ドライバー(イヤホン)とは
イヤホンのドライバーとは、電気信号を空気の振動(音)に変換する部品のことです。イヤホンの「スピーカーユニット」にあたる心臓部で、ドライバーの種類やサイズ、数によって音質が大きく変わります。イヤホンの音の個性を決める最も重要なパーツと言っても過言ではありません。
詳しい解説
ドライバーの主な種類
イヤホンに使われるドライバーは主に3種類あります。
ダイナミック型(DD: Dynamic Driver)
最も一般的なドライバーです。磁石とコイル、振動板で構成され、スピーカーと同じ原理で音を出します。
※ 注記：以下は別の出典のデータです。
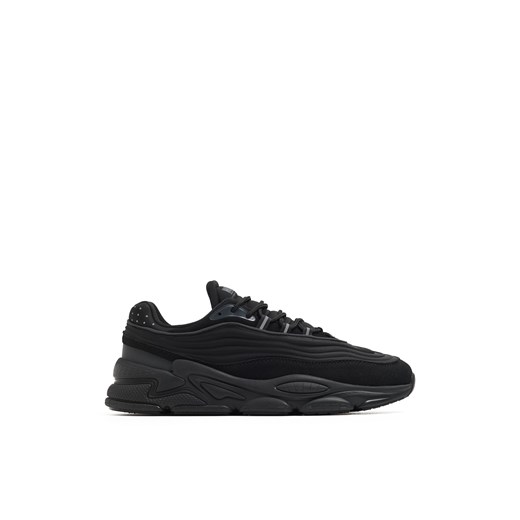 Cropp - Czarne sneakersy z grubą podeszwą - czarny ze sklepu Cropp w kategorii Buty sportowe męskie - zdjęcie 169457609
- メリット: 低音の迫力がある、自然で広がりのある音、コストを抑えやすい
- デメリット: サイズが大きめ、繊細な高音域はBA型に劣ることがある
- 向いている人: 低音を重視する方、ポップスやロックをよく聴く方
口径が大きいほど低音の再現力が高い傾向があり、6mm〜14mm程度のものが一般的です。
バランスドアーマチュア型(BA: Balanced Armature)
補聴器の技術から発展した小型ドライバーです。アーマチュア(金属片)を振動させて音を生成します。
- メリット: 中高音域の解像度が高い、繊細な音の表現が得意、小型化しやすい
- デメリット: 低音の量感が少なめ、価格が高くなりがち
- 向いている人: ボーカルや弦楽器を美しく聴きたい方、クラシック・ジャズ好きの方
1基で再生できる帯域が限られるため、複数基を搭載して各帯域を分担させる「マルチBA」構成が上位モデルでは一般的です。
ハイブリッド型
ダイナミック型とBA型の両方を搭載したドライバー構成です。ダイナミック型で力強い低音を、BA型で繊細な中高音をそれぞれ担当させることで、全帯域でバランスの取れた音質を実現します。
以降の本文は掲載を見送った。